NEW DELHI, 28 January — India kept up the pressure on archenemy Pakistan yesterday and announced the arrest of two people whom it called Pakistani spies in the southern state of Andhra Pradesh. New Delhi said there has been no fundamental change in troubled Kashmir despite Pakistan President Gen. Pervez Musharraf’s promise to crack down on those fighting for the territory’s separation from India.
"It has been 15 days since Musharraf’s statement. We have not seen any evidence on the ground insofar as India is concerned and so far as Jammu-Kashmir is concerned," Home Minister L.K. Advani was quoted as saying by United News of India.
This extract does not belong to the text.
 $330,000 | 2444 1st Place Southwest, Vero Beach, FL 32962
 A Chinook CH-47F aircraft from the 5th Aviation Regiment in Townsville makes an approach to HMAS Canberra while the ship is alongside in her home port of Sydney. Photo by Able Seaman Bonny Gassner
Prime Minister Atal Behari Vajpayee said terrorism directed against India would not be tolerated. "To make us a target of terrorism, and we do not give an appropriate response, that is not possible," Vajpayee said in a speech to students receiving basic military training.
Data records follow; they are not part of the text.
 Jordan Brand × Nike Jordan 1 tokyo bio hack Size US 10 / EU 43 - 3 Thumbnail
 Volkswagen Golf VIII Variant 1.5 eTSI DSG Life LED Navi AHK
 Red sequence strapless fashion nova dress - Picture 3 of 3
Advani said Pakistan must extradite over 20 alleged terrorists wanted by New Delhi. "That can be seen as a litmus test for judging whether Gen. Musharraf’s statement is being implemented that terrorism will not be permitted in the name of the Kashmir cause," Advani told India’s Star News television.
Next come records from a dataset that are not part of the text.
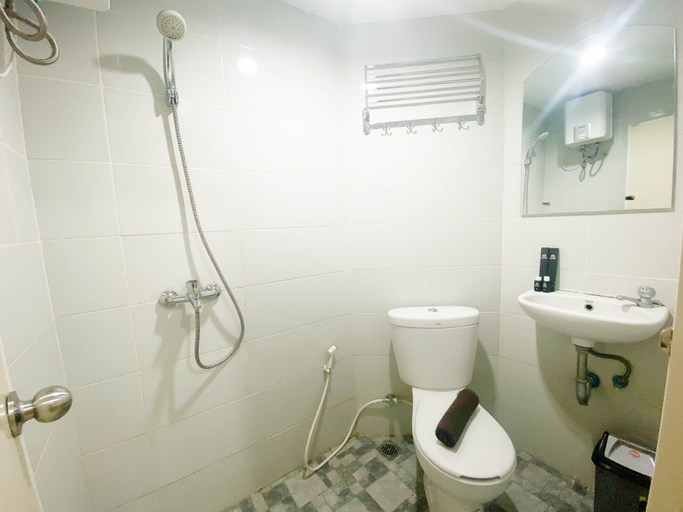 Bathroom 5, Elegant and Homey Studio at Amartha View Apartment By Travelio, Semarang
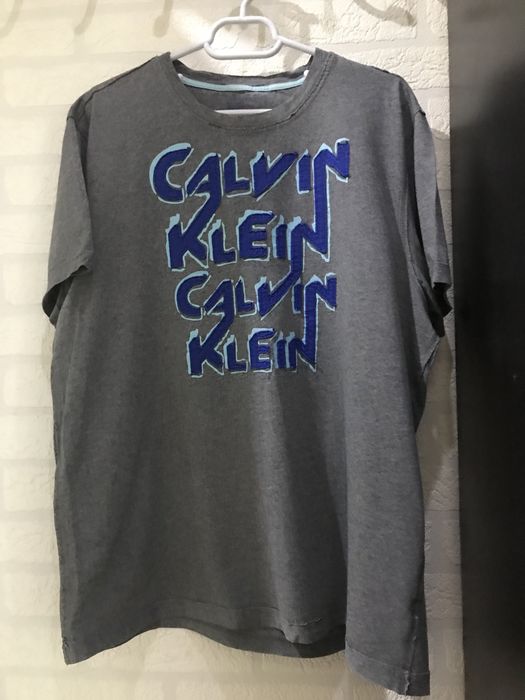 Pulovere  geci diverse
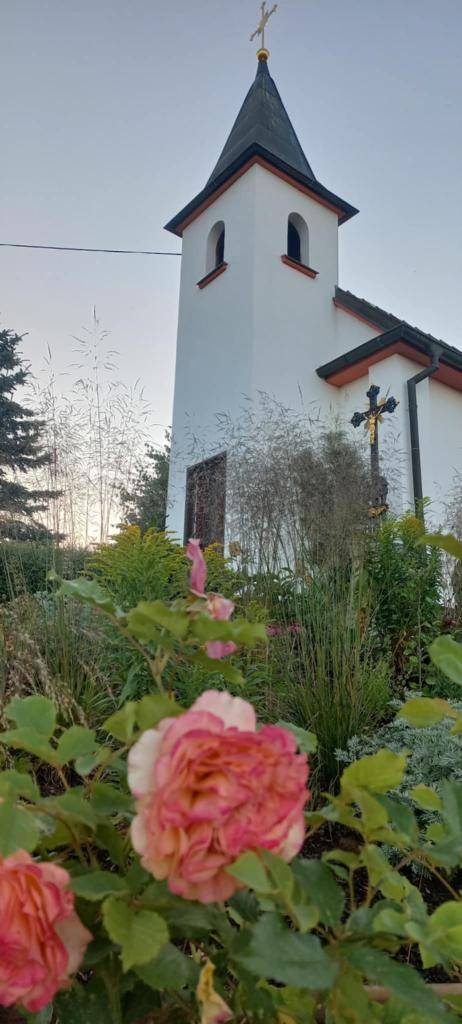 letní, rozkvetlá Kaplička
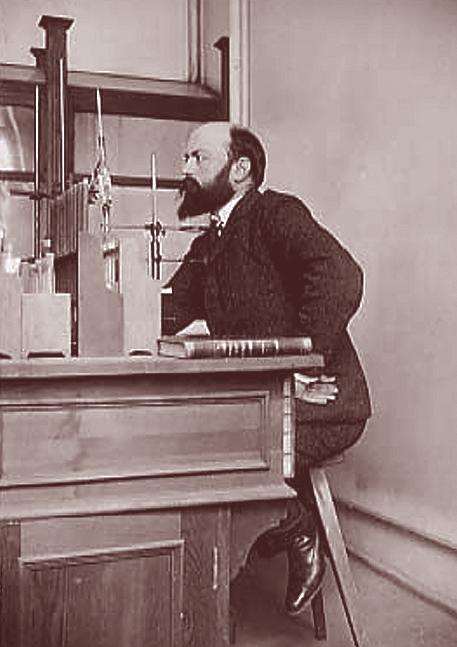 Gustaf Guss Mattsson laboratoriossaan.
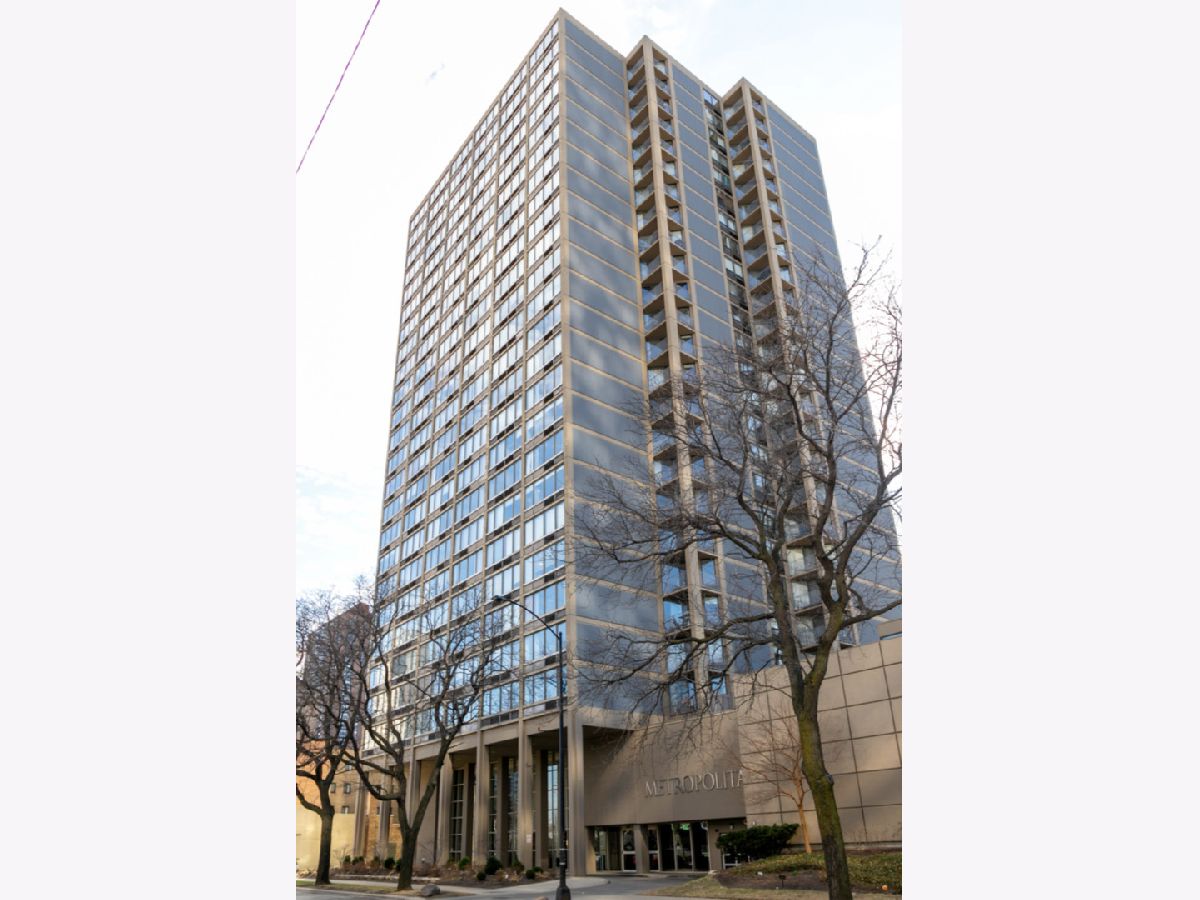 Condominiums & Homes For Sale Edgewater Beach Chicago Illinois, 5320 Sheridan Road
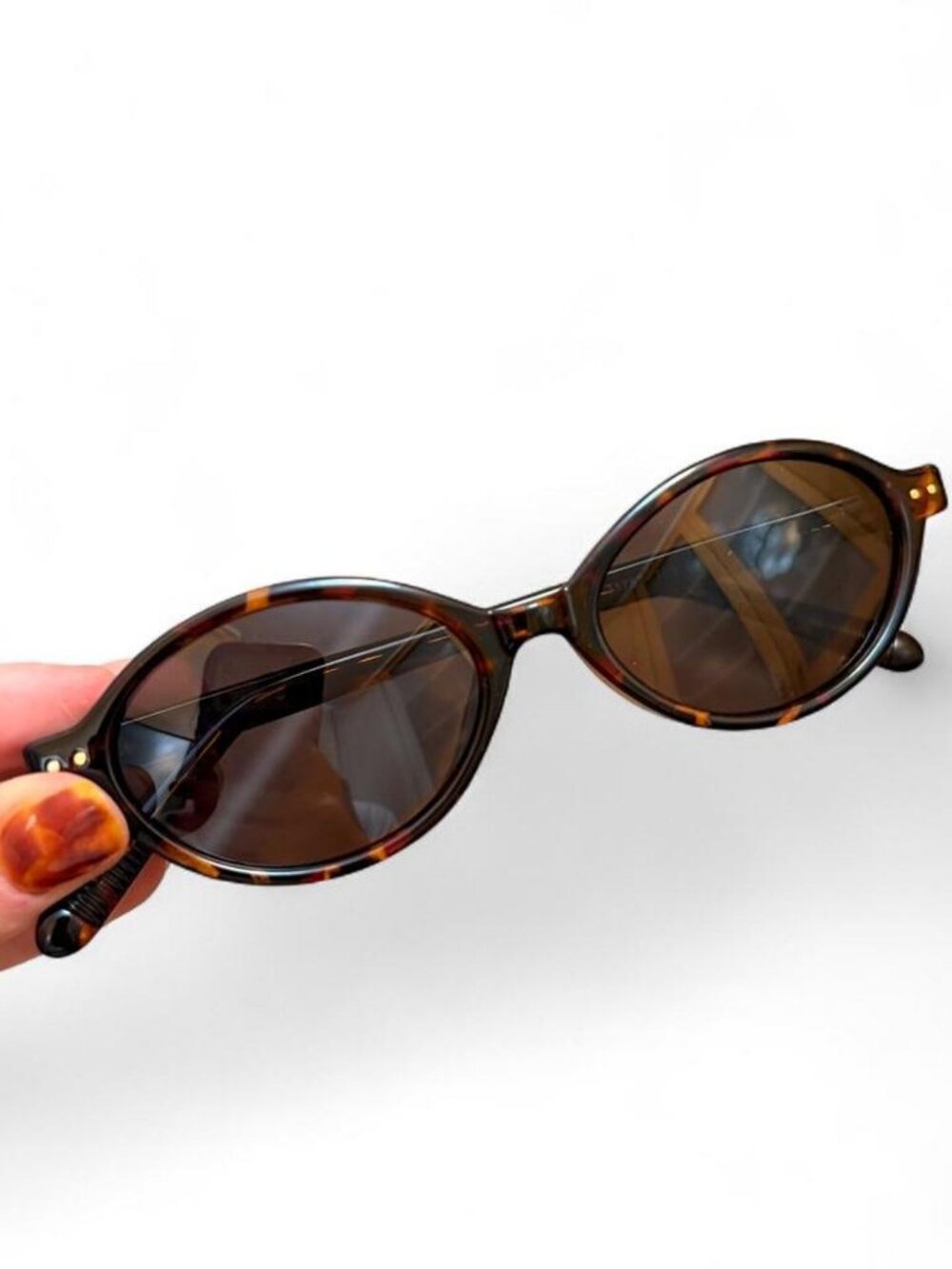 Tijn Tortoiseshell Sunglasses with Faux Leather Pouch - Brand New In Box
Police in Andhra Pradesh said they have arrested two Pakistanis suspected of spying on military establishments in southern India, including the base of India’s missile development program. The suspects were identified as Ashiq Ali and Rayees Jan. The suspects, who arrived in India last year, were likely to appear in court and face charges today, police said.
Ashiq Ali was arrested in Nizamabad, a town 150 km (95 miles) north of Hyderabad, the capital of Andhra Pradesh, on Saturday, and Jan was picked up in the state capital two days ago, said Ravi Shankar Iyengar, the deputy superintendent of police.
"We have recovered many sensitive documents, maps and photographs" from Ashiq Ali, including photographs of a local military warfare college, Iyengar said. Police said they caught Ali while he was making a phone call to his Pakistani contact. Police also recovered printouts of e-mails he had sent to Pakistan.
Meanwhile, Lashkar-e-Taiba, a group fighting Indian rule in Kashmir denied that an arms cache seized by security forces in Afghanistan belonged to it.